**Problem requirements**
Transcription task. Write out each entry verbatim and exclude any image.

**Given information**

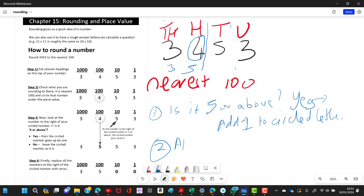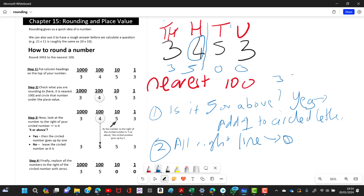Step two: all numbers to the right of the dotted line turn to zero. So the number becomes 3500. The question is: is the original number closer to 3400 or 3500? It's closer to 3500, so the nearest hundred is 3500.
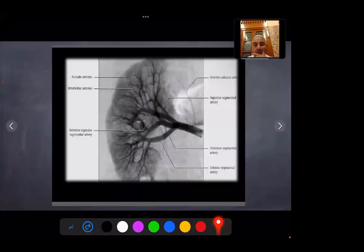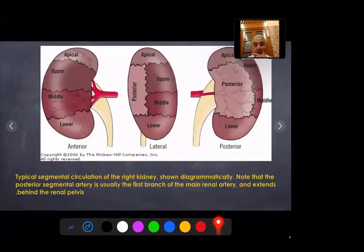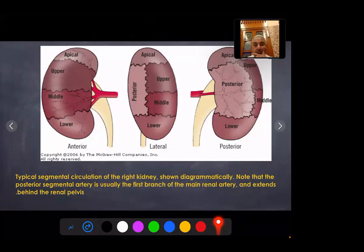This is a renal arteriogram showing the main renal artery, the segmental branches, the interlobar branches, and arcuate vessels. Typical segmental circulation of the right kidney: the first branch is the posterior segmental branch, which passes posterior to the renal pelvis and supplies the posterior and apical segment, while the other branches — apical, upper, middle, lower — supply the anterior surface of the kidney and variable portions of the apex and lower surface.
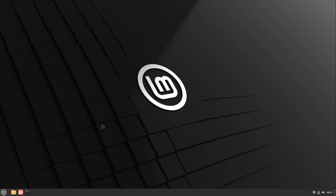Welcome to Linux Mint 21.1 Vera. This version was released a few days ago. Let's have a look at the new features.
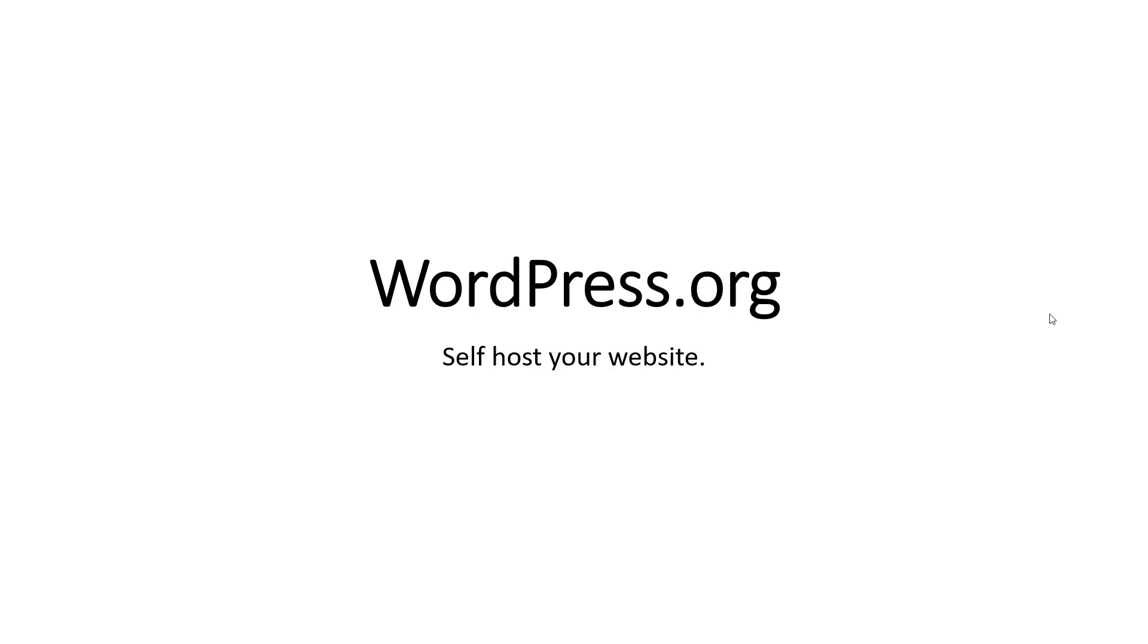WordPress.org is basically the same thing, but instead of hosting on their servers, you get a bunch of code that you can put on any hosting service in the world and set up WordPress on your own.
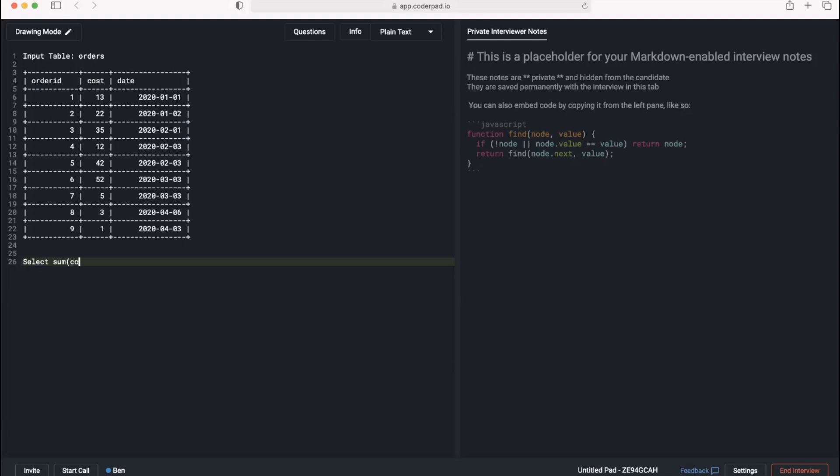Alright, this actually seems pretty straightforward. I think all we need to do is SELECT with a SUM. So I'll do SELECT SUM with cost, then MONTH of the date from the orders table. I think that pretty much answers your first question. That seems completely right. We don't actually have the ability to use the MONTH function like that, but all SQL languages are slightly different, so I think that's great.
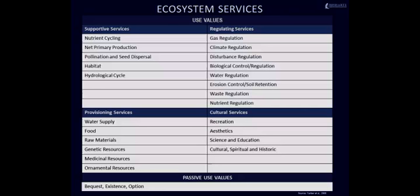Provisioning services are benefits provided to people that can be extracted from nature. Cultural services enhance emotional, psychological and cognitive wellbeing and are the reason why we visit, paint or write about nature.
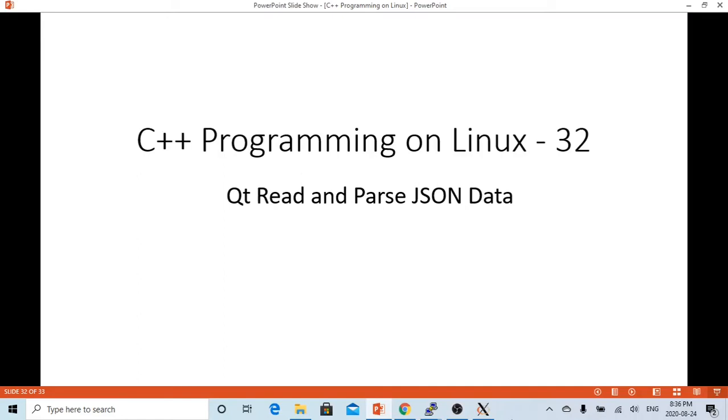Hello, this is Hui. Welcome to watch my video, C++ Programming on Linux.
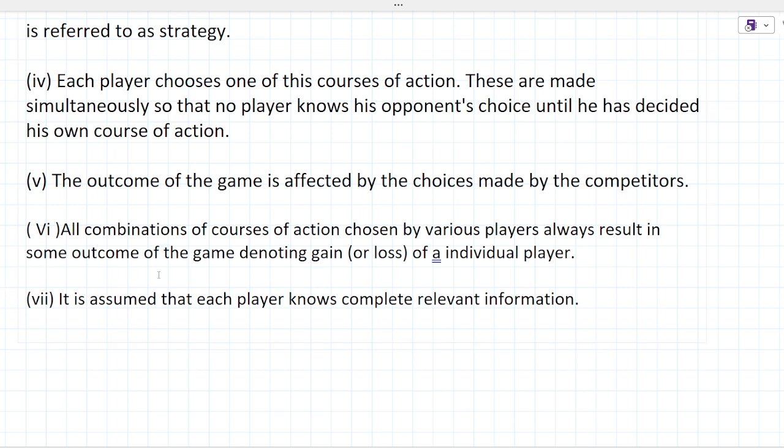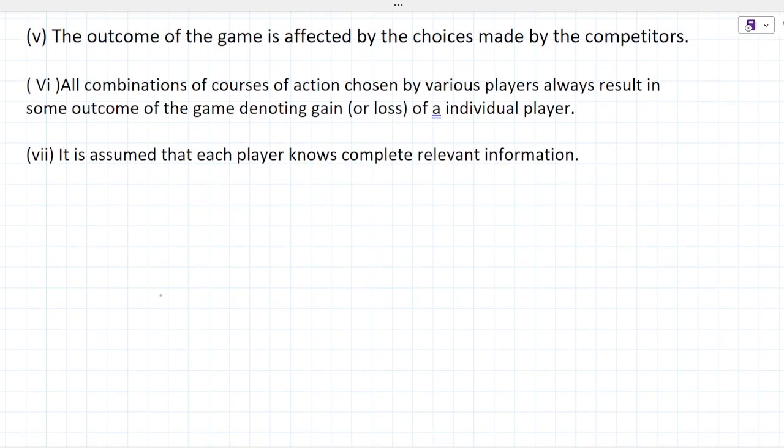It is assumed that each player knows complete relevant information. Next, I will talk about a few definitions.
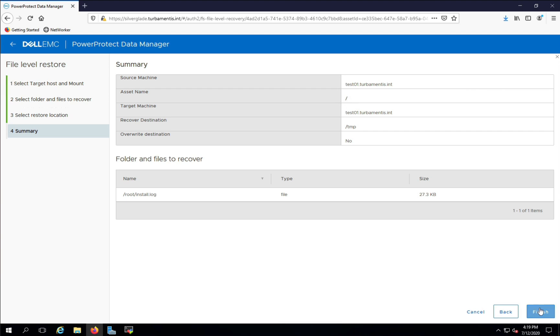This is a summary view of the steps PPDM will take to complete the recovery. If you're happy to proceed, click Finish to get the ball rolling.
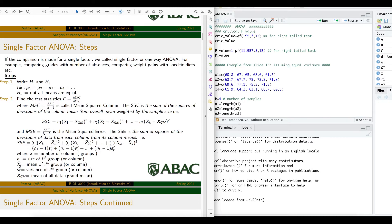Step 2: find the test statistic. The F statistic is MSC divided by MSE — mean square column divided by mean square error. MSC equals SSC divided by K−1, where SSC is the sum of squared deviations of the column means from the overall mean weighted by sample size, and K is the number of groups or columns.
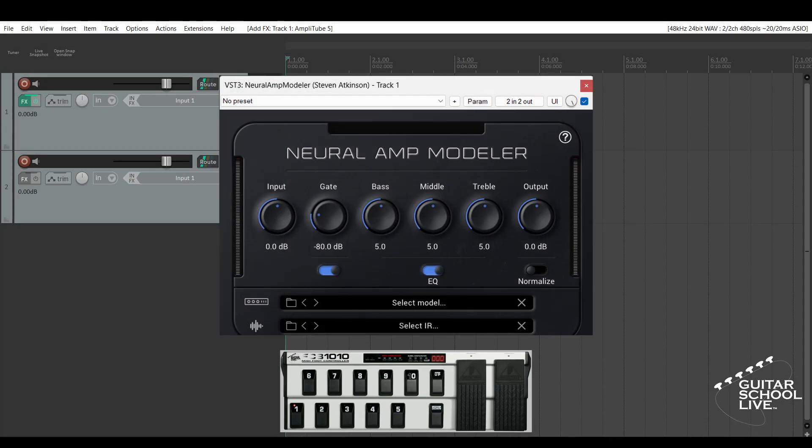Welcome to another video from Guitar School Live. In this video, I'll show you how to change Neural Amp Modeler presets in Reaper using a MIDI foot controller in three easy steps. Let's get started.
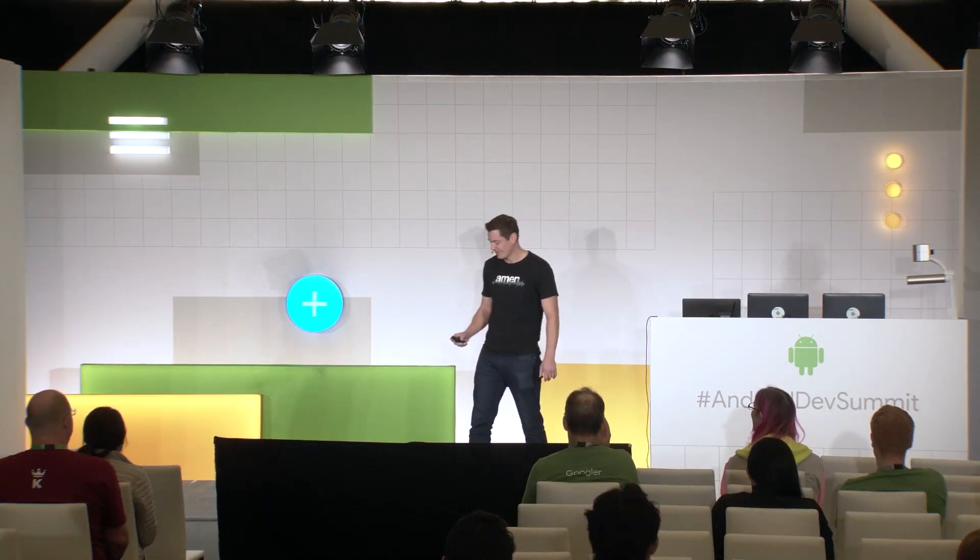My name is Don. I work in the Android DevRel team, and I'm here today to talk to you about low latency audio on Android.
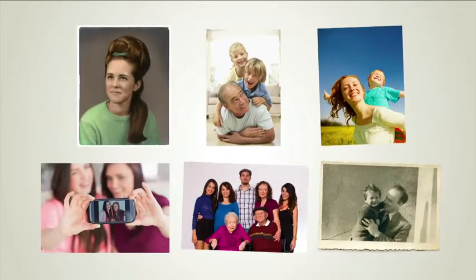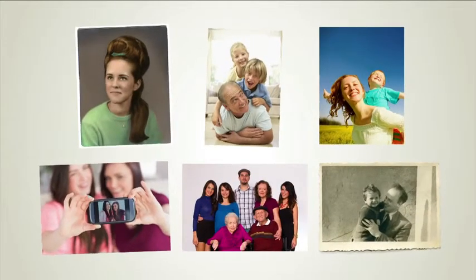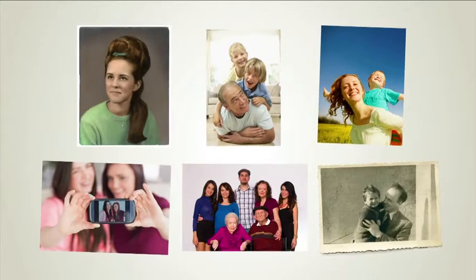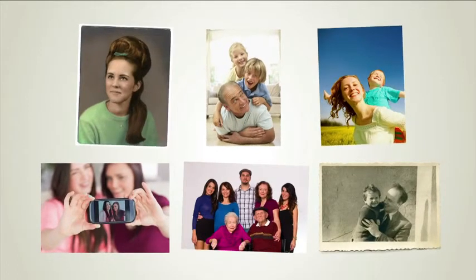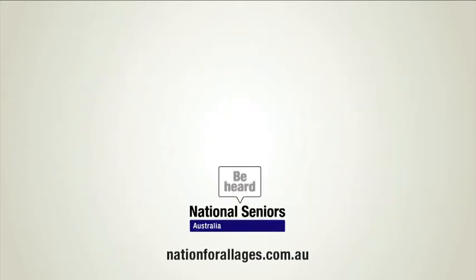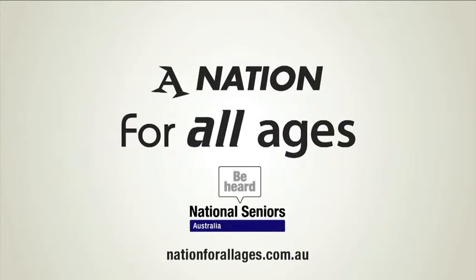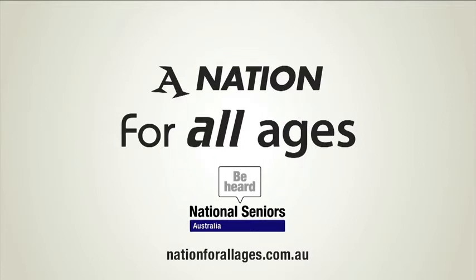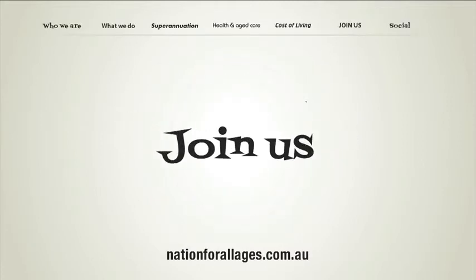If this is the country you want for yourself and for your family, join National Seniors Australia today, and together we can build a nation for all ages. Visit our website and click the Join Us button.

**Task solution**
Step two: all numbers to the right of the dotted line turn to zero. So the number becomes 3500. The question is: is the original number closer to 3400 or 3500? It's closer to 3500, so the nearest hundred is 3500.
This is a renal arteriogram showing the main renal artery, the segmental branches, the interlobar branches, and arcuate vessels. Typical segmental circulation of the right kidney: the first branch is the posterior segmental branch, which passes posterior to the renal pelvis and supplies the posterior and apical segment, while the other branches — apical, upper, middle, lower — supply the anterior surface of the kidney and variable portions of the apex and lower surface.
Welcome to Linux Mint 21.1 Vera. This version was released a few days ago. Let's have a look at the new features.
WordPress.org is basically the same thing, but instead of hosting on their servers, you get a bunch of code that you can put on any hosting service in the world and set up WordPress on your own.
Alright, this actually seems pretty straightforward. I think all we need to do is SELECT with a SUM. So I'll do SELECT SUM with cost, then MONTH of the date from the orders table. I think that pretty much answers your first question. That seems completely right. We don't actually have the ability to use the MONTH function like that, but all SQL languages are slightly different, so I think that's great.
Provisioning services are benefits provided to people that can be extracted from nature. Cultural services enhance emotional, psychological and cognitive wellbeing and are the reason why we visit, paint or write about nature.
Hello, this is Hui. Welcome to watch my video, C++ Programming on Linux.
It is assumed that each player knows complete relevant information. Next, I will talk about a few definitions.
This is a summary view of the steps PPDM will take to complete the recovery. If you're happy to proceed, click Finish to get the ball rolling.
Step 2: find the test statistic. The F statistic is MSC divided by MSE — mean square column divided by mean square error. MSC equals SSC divided by K−1, where SSC is the sum of squared deviations of the column means from the overall mean weighted by sample size, and K is the number of groups or columns.
Welcome to another video from Guitar School Live. In this video, I'll show you how to change Neural Amp Modeler presets in Reaper using a MIDI foot controller in three easy steps. Let's get started.
My name is Don. I work in the Android DevRel team, and I'm here today to talk to you about low latency audio on Android.
If this is the country you want for yourself and for your family, join National Seniors Australia today, and together we can build a nation for all ages. Visit our website and click the Join Us button.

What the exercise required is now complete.